Are E-Scooters Here to Stay?

There’s been a surprising upsurge in the use of the e-scooter across the globe. In the United States, thanks to companies such as Bird and Lime, e-scooters are already operating in dozens of cities. The US is not alone in this trend.  E-scooters have made surprise debuts on the streets of European and Middle Eastern cities too. London, Paris, Tel Aviv, Madrid, Berlin and Frankfurt, all have e-scooters.

E-scooters seem to be growing in number at a surprising rate. Their unexpected descend has been met by a myriad of reactions. Some people are intrigued by the new device that aids a cheap and effortless commute. Others, however, are not only infuriated by their presence but want them outlawed. The unimpressed group of people, a mixture of pedestrians, drivers, and cyclists find scooters troublesome and dangerous.

Are electric scooters, devices inspired by the Segway, here to stay? Will they lose popularity due to social reasons, or due to public safety concerns? Will they replace ride share services and become people’s convenient transportation? Here are the pros and cons of having these scooters around.

E-scooters are cheap

E-scooters are very economical and this makes them accessible to a wide group of individuals. They cost as little as 1$ per minute. Since they can travel up to 15mph, the user can get pretty far and won’t end up paying much for using it.

E-scooters are fun and easy to use

A good number of users find e-scooters fun to use, especially the millennial generation that grew up pushing the non-motorized versions around their cul-de-sac. Given the fact that such scooters rely on electricity to move, using them requires little amount of effort. With a scooter, you can easily weave through traffic and use shortcuts for a faster commute.

Additionally, after an individual uses it, he or she can drop it off anywhere.

E-scooters are environmentally friendly

As the name implies, e-scooters rely on electricity. Therefore, they aren’t emitting carbon dioxide and other greenhouse gases that pollute the environment like traditional gas powered cars. Using them produces a lower carbon footprint and improves air quality.

Bird Scooters in Atlanta

Photo credit: Amanda McCadams

E-scooters have safety issues

On the opposite side of the spectrum are health and safety concerns. Several deaths have been linked to e-scooter crashes and countless incidents of people being hospitalized.  These injuries often range from mild to serious concussions, face lacerations and a few broken bones. It’s important to note that in most cases the users weren’t wearing the recommended protective gear. E-scooters not only pose a threat to the e-scooter riders, but to the non-riders as well. Bicyclist and pedestrians find it hard to navigate through traffic and the streets with e-scooters weaving about and there have been reports of e-scooters crashing into pedestrians.
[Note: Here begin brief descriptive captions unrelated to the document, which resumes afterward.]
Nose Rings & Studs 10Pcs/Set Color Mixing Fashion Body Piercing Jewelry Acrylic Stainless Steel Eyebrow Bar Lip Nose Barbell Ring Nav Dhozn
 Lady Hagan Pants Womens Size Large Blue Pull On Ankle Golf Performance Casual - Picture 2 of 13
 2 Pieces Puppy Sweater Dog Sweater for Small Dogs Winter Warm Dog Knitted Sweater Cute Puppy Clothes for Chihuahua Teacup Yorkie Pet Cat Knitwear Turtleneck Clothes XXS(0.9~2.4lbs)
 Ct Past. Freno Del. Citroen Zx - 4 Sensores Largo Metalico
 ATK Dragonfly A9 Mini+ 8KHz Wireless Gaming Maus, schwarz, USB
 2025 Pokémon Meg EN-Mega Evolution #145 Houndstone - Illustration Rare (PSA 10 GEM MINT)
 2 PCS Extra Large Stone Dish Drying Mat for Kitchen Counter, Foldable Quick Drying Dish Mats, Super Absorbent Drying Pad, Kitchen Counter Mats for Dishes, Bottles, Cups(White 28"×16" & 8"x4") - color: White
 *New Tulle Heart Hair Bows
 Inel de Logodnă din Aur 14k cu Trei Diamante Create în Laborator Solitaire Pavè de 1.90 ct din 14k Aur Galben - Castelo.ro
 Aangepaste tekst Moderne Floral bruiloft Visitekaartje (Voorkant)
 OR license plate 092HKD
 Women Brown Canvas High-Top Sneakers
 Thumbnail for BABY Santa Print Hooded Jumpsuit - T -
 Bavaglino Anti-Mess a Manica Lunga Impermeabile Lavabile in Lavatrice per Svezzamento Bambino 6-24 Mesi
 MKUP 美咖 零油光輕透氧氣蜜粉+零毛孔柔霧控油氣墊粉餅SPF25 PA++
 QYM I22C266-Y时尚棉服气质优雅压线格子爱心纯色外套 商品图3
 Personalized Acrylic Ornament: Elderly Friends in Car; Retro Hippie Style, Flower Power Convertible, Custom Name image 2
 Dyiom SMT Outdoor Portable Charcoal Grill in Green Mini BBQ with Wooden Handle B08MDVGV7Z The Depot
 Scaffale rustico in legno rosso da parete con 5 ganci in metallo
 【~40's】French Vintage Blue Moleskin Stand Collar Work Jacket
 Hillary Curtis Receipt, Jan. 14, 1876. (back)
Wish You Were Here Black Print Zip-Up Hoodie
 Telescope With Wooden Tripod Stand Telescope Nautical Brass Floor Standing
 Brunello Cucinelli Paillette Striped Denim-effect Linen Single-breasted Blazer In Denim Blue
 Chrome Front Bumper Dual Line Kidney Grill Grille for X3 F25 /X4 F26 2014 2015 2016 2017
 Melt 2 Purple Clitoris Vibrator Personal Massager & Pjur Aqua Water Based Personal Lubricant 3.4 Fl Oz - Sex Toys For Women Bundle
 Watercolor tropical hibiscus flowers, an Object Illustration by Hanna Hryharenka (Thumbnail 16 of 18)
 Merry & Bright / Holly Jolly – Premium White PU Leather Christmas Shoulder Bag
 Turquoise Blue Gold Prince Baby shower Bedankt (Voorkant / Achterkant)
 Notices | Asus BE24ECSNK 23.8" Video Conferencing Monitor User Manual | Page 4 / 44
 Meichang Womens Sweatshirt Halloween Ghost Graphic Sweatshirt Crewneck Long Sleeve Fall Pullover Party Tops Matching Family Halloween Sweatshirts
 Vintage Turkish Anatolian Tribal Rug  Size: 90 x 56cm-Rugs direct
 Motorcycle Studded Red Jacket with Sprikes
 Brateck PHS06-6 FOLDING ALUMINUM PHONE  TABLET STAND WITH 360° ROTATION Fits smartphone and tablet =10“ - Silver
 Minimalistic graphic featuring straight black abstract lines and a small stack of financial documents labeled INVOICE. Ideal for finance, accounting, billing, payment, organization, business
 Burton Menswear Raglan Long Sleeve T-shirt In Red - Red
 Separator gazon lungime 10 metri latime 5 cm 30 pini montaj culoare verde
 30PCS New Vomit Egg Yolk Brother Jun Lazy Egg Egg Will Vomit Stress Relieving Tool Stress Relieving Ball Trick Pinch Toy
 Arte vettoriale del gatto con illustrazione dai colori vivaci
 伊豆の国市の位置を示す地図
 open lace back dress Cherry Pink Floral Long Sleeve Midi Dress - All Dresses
E-scooters clutter sidewalks and pathways

Since e-scooters can be left literally anywhere, they are quickly cluttering city streets, parking lots, sidewalks, and urban landscaping. People don’t even realize that they are visually polluting the environment. Moreover, e-scooters just left anywhere sometimes block sidewalks meant for pedestrians. It might not be a big deal to just step over an e-scooter but for people in wheelchairs or with limited mobility it is a much bigger problem.

Short Battery Life

A fully charged e-scooter can go about 10 miles. That battery might run out before you reach your destination. If there are no other scooters around when that happens, you will have to walk the rest of the way or hire a taxi.

What’s next for e-scooters?

Some cities and municipalities are trying to figure out the best way to handle the popularity of these little zip-arounds. They solve a lot of problems but they also bring a handful of new ones. Time will tell what solution is best.